---------- Provided data

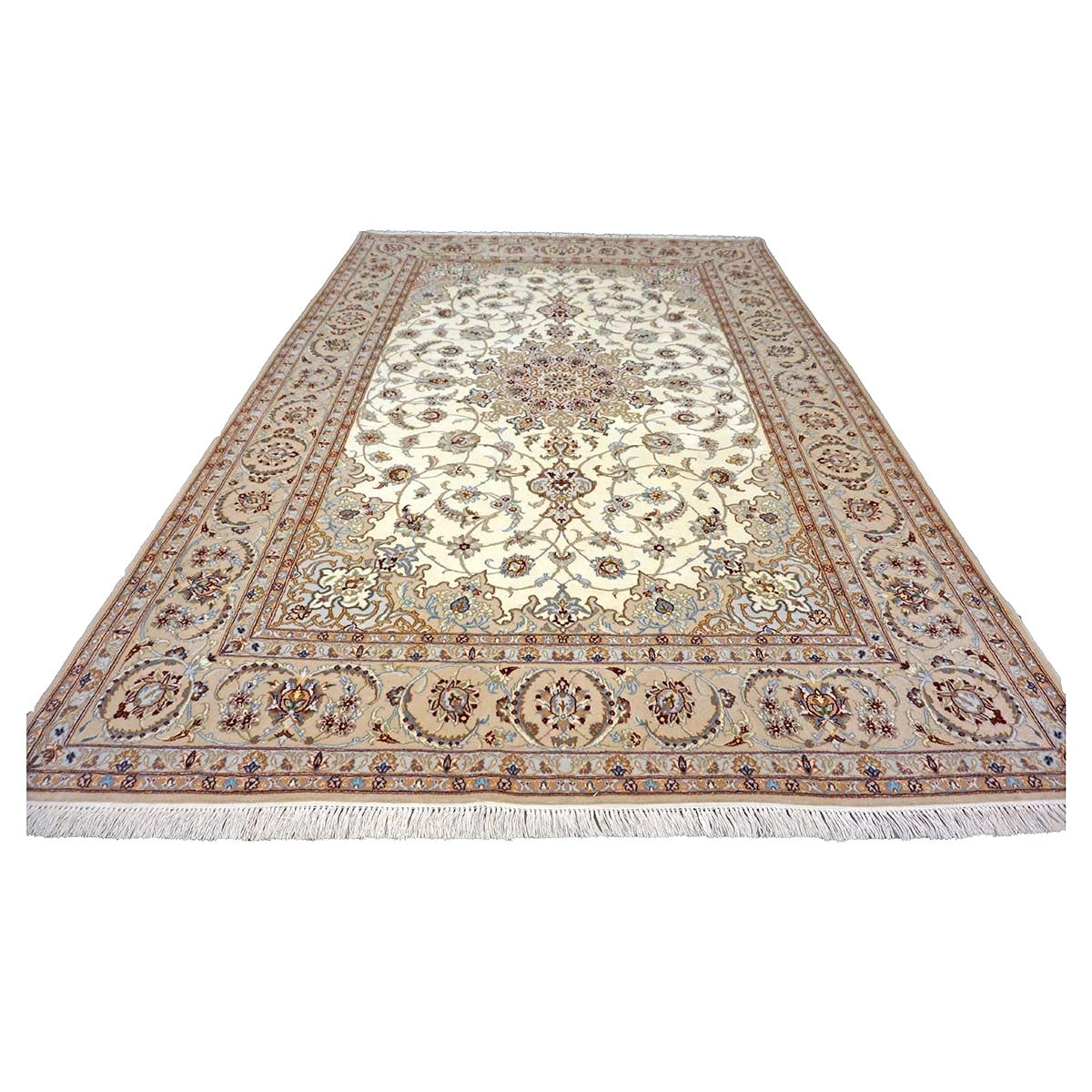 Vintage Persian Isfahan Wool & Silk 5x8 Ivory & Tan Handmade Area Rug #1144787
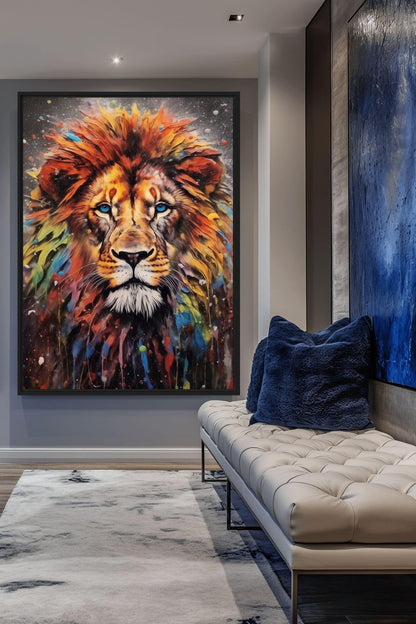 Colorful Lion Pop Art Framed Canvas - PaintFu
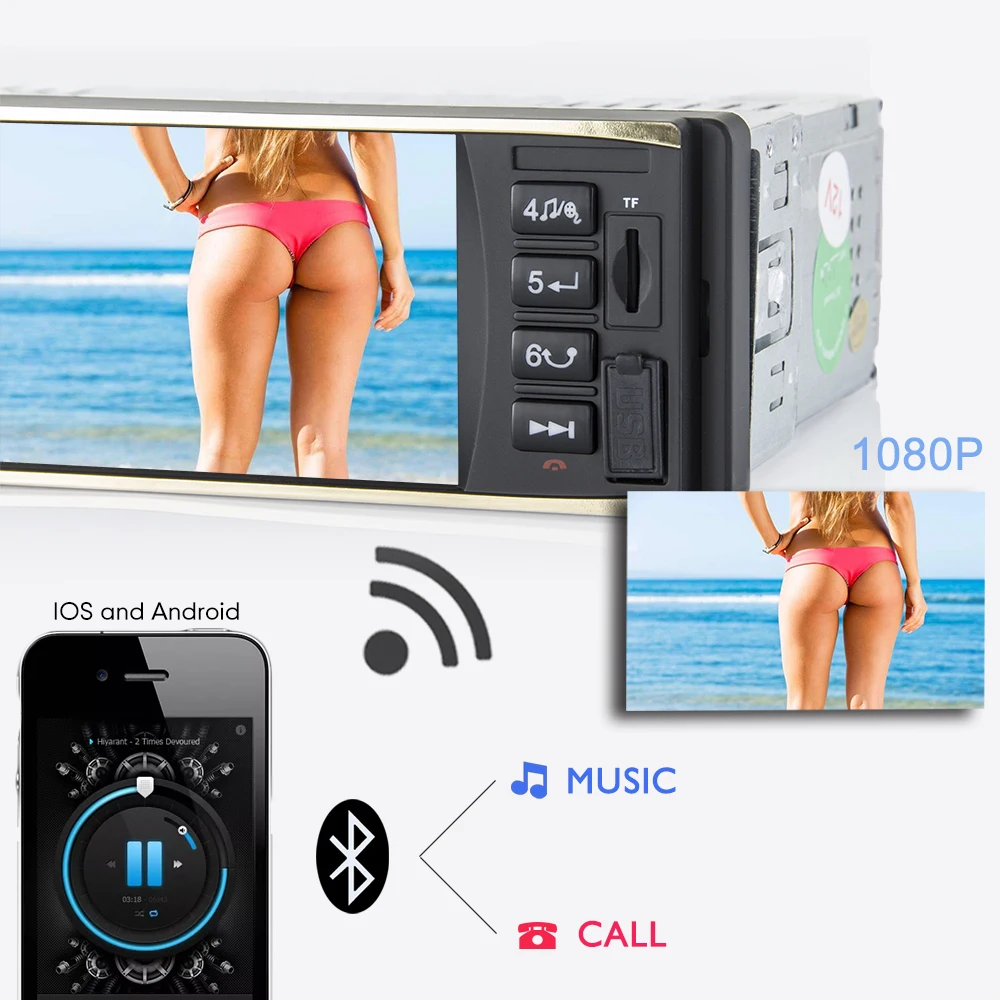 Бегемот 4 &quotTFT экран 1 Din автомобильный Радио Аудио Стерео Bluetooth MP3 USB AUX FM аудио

--------------------

Once the pictures are removed, print all the remaining data exactly as it stands.

 Vintage Persian Isfahan Wool & Silk 5x8 Ivory & Tan Handmade Area Rug #1144787
 Colorful Lion Pop Art Framed Canvas - PaintFu
 Бегемот 4 &quotTFT экран 1 Din автомобильный Радио Аудио Стерео Bluetooth MP3 USB AUX FM аудио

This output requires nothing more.